Wednesday, February 17th, 2010

In my virtual reality, this is how I spent my day.

I woke up just before 8.  Ducky and her sister, Dandy, lay against me in the bed, their eyes open, waiting for me to wake up.  When I pushed the button on my nightstand to open our black-out shades, both dogs turned into wiggle-waggle-squeaking machines.  We exchanged exuberant oh-my-god-it’s-been-forever-since-we’ve-seen-you greetings while I looked out the window at the sun’s glitter on the surface of the ocean.

Tim had already left to go play golf.  So I threw on my clothes, made a quick fruit smoothie, and the dogs and I set off for our walk on our acreage.  We have four mile-plus long trails, and we did all of them today.  Sun shining.  Cool breeze.  It was a wonderful walk.

I returned home, rinsed their feet in the Springer room (where we groom them), then went downstairs to the work-out room.  I spent 4 minutes on the ROM and another 20 minutes practicing a dance routine I’m working on.  The dogs watched me and rated my performance at a 7 out of 10—needs work.  We all went back upstairs and I got into the Bath Cave (Tim’s name for our large stone shower).  After my shower, I ate a small bowl of cereal.

I had have no writing deadlines right now, so after I ate, I went (with dogs at my side, of course) up to my art studio.  I’ve been taking watercolor lessons, and I’m working on a landscape of the view from our home.  From the expressions on Ducky’s and Dandy’s faces, I think they rate it even lower than my dance routine; but I’m having fun with it.

When Tim came home about 12:30, he found me at my easel.  He and the dogs exchanged their wild greetings.  He smelled all “golfy”—a mixture of grass and sweat and satisfaction.  He said he was getting in the hot tub and wanted company.  That was fine by me.

We spent the next 45 minutes in the hot tub while the dogs snoozed nearby (they ran like crazy on their walk and were still worn out).  I love the hot tub—it never fails to put Tim and I in a great mood, if you know what I mean. I’m surprised he has so much energy after golfing, but he does, which is great.

Tim took a shower.  I threw on some clothes and went down to the music room to practice piano and singing the harmony part I’m learning for a song Tim and I are working on together.  Ducky and Dandy got their second wind and wrestled on the exercise mat outside the music room.

After my practice, I went to my office and updated my Joyful Springer blog.  Tim was in his shop.  He’s working on a table for some friends of ours.  He’s been learning so much from our neighbor, who’s been wordworking for years.

I went back up to my studio to do some cartoon drawing and was surprised when Tim came in and told me it was almost 7.  I really got lost in what I was doing.

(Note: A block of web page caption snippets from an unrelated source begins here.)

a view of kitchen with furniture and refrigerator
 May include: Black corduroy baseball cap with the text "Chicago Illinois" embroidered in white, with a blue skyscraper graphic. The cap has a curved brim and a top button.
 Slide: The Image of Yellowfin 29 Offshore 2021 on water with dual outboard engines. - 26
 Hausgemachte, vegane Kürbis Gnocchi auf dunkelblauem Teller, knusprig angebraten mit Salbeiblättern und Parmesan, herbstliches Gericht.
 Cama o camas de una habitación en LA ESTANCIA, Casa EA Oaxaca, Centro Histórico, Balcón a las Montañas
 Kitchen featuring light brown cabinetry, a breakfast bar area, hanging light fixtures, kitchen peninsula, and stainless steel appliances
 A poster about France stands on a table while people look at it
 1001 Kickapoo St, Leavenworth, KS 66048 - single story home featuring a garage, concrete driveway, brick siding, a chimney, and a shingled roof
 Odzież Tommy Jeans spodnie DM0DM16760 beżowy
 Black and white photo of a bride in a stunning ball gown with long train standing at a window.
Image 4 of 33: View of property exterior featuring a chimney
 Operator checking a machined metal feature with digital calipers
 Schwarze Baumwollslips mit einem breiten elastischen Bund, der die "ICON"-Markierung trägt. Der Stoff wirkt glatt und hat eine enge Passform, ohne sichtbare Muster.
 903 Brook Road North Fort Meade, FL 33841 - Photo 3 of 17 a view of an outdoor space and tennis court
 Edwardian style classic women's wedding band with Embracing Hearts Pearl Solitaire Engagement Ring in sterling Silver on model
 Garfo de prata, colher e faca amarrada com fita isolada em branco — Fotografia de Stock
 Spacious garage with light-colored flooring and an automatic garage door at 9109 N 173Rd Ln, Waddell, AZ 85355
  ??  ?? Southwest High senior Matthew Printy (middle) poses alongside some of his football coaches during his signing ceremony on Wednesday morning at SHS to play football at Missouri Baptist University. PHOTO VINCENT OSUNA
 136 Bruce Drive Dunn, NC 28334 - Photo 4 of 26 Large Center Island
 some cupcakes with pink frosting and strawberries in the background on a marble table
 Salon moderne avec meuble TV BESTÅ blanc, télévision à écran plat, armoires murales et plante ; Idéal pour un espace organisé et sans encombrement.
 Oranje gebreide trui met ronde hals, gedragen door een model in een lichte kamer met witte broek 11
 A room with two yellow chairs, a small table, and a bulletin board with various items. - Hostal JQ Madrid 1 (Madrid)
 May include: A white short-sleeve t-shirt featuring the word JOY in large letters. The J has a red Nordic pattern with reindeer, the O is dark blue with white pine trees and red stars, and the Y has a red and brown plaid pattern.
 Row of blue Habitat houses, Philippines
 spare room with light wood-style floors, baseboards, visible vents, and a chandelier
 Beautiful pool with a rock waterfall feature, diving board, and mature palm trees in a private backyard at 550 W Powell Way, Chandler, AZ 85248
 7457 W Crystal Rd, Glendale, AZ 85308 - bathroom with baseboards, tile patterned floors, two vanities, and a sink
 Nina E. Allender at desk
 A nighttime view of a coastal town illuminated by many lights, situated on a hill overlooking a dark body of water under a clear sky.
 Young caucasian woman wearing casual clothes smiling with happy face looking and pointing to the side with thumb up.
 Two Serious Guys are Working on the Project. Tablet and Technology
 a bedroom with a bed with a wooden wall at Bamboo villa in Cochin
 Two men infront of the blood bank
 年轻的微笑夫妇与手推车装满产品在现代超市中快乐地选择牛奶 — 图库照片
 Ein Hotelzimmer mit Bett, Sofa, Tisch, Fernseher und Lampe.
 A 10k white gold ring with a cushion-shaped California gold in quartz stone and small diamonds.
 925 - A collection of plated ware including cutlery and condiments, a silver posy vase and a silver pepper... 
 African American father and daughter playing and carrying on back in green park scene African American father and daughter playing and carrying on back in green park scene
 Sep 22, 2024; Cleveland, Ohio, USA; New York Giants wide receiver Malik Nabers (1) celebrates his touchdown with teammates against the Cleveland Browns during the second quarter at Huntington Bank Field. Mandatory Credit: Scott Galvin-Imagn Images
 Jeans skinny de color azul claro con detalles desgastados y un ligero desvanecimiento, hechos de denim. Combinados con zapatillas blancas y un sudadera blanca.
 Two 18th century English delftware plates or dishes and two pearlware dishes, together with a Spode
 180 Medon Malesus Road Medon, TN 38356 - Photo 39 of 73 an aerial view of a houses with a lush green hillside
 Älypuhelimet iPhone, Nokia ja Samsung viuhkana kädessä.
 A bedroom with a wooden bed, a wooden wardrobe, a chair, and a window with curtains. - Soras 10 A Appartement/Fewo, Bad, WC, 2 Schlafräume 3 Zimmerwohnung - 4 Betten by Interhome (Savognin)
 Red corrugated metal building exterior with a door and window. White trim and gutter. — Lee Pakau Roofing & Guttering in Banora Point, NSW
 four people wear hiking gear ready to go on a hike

Tim and I made burritos for dinner with fresh guacamole for me.  He’s cleaning up the kitchen while I make this post, and then we’re going up to the SPAP (Scrabble, Ping pong And Pool) room to play some pool.  We’ll probably watch a movie in bed later.  The dogs love it when we do that because they can curl up with us.

It’s been a wonderful day in the Waggery, which means it’s been a normal day.  I’m so blessed.

…and this was me telling the story of what I want, not what is.